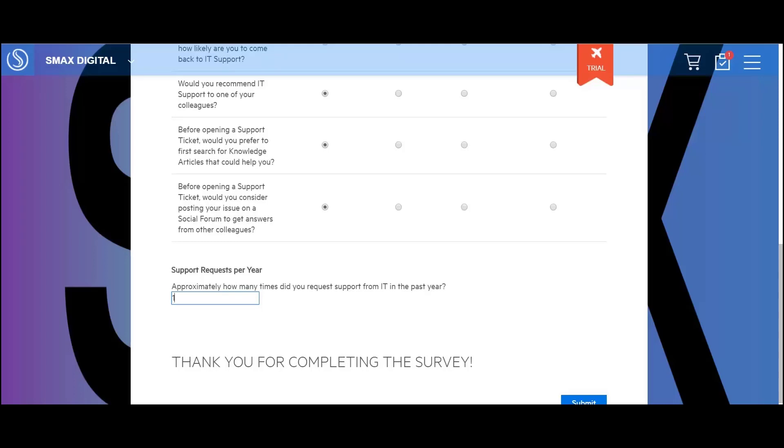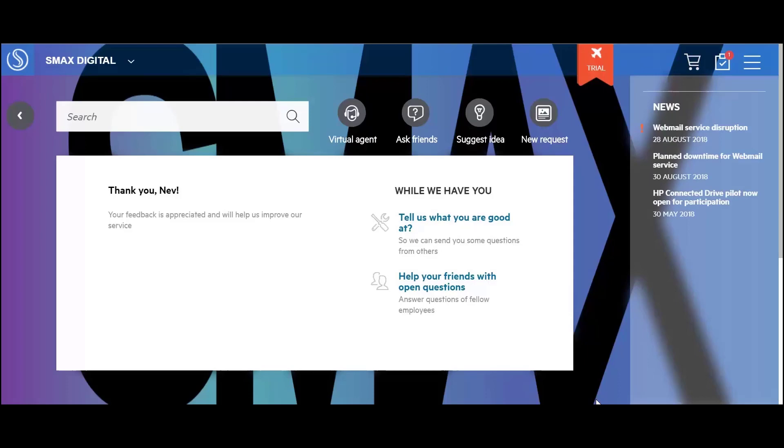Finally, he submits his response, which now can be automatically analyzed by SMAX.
********************
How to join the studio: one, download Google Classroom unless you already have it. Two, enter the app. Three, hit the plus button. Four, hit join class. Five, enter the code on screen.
********************
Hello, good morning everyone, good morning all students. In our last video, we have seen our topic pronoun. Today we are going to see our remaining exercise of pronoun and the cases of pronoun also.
********************
◆ **Task directions**
If a line in the material above holds "have", copy it.

◆ **Response to the exercise**
How to join the studio: one, download Google Classroom unless you already have it. Two, enter the app. Three, hit the plus button. Four, hit join class. Five, enter the code on screen.
Hello, good morning everyone, good morning all students. In our last video, we have seen our topic pronoun. Today we are going to see our remaining exercise of pronoun and the cases of pronoun also.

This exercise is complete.